Here are a few implementations. I'm sure you could get ChatGPT to convert this to your language of choice.
function [y,t_final] = bounce(t,v0,g,r)
q = 1-sqrt(r);
t_final = 2.*v0/(-g*(q));
h = @(t,g,r,v0) (-g./2) .* (q./(2-q)).^2 .* (t - ((2.*v0)./(-g.*q))).^2;
S = @(n) (2*v0/-g) .* (1 - r.^(n/2)) ./ q;
N = floor(2.* log(1 - (t.*q.*-g)./(2.*v0)) ./ log(r));
S0 = S(N);
S1 = S(N+1);
x = t-S0;
s = S1-S0;
t_mid = 0.5*(S0+S1);
H_max = h(t_mid,g,r,v0);
y = 4.*H_max./(s.^2) .* (x.*(s-x));
y(t>=t_final) = 0;
end
function bounce(t,v0,g,r)
{
const q = 1 - Math.sqrt(r);
const t_final = 2 * v0 / (-g * q);
function h (t,g,r,v0) {
return (-g / 2) * Math.pow(q / (2 - q), 2) * Math.pow(t - (2 * v0) / (-g * q), 2);
}
function S(n) {
return (2 * v0 / -g) * (1 - Math.pow(r, n / 2)) / q;
}
const N = Math.floor(2 * Math.log(1 - (t * q * -g) / (2 * v0)) / Math.log(r));
const S0 = S(N);
const S1 = S(N + 1);
const x = t - S0;
const s = S1 - S0;
const t_mid = 0.5 * (S0 + S1);
const H_max = h(t_mid, g, r, v0);
const y = t>=t_final ? 0 : 4 * H_max / Math.pow(s, 2) * (x * (s - x));
return {y: y, t_final: t_final};
};
import numpy as np
def bounce(t, v0, g, r):
t = np.asarray(t)
q = 1 - np.sqrt(r)
t_final = 2 * v0 / (-g * q)
def h(t):
return (-g / 2) * (q / (2 - q))**2 * (t - (2 * v0) / (-g * q))**2
def S(n):
return (2 * v0 / -g) * (1 - r**(n / 2)) / q
N = np.floor(2 * np.log(1 - (t * q * -g) / (2 * v0)) / np.log(r)).astype(int)
S0 = S(N)
S1 = S(N + 1)
x = t - S0
s = S1 - S0
t_mid = 0.5 * (S0 + S1)
H_max = h(t_mid)
y = 4 * H_max / s**2 * (x * (s - x))
# Set to zero where t ≥ t_final
y = np.where(t >= t_final, 0, y)
return y, t_final
CSS can't run an abitrary function but you can approximate an idealized bouncing ball very well.

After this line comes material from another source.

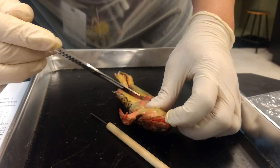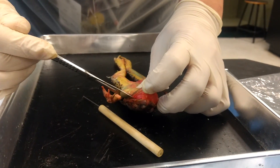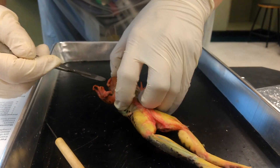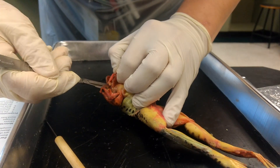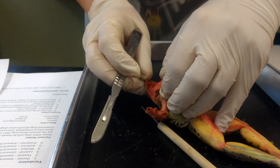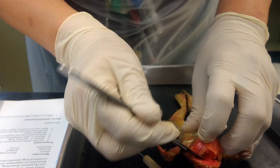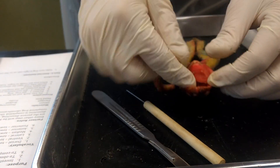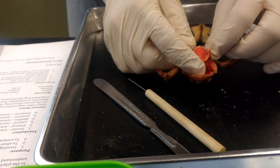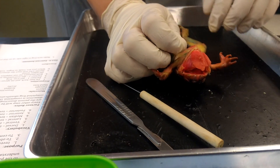Carefully slit along the jawline — you're going to feel the bone kind of pop a little bit, then slit along. I would prefer you cut away from yourself, not towards yourself, and notice how my fingers are kept far away. Once you've opened it up, you can open it a little more. The tongue itself starts to flip out. Make sure you have completed numbers two and three.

Using the functions above we can predefine keyframes for an arbitrary number of bounces before $t_\text{final}$. I found that 97% looks pretty good. We could just use `ease-out` and `ease-in` to approximate the parabolic up and down trajectories, but with `cubic-bezier` we can get a much closer approximation. Through numerical fitting I found that these work great:
cubic-bezier(0.020367,0.020367, 0.44008, 1); /* parabolic up */
cubic-bezier(0.55992, 0, 0.979633, 0.979633); /* parabolic down */
1 Feucht's article uses positive $g$, but I assume $v_0$ is positive and $g$ is negative (as in -9.8m/s²). Many of my equations include sign changes.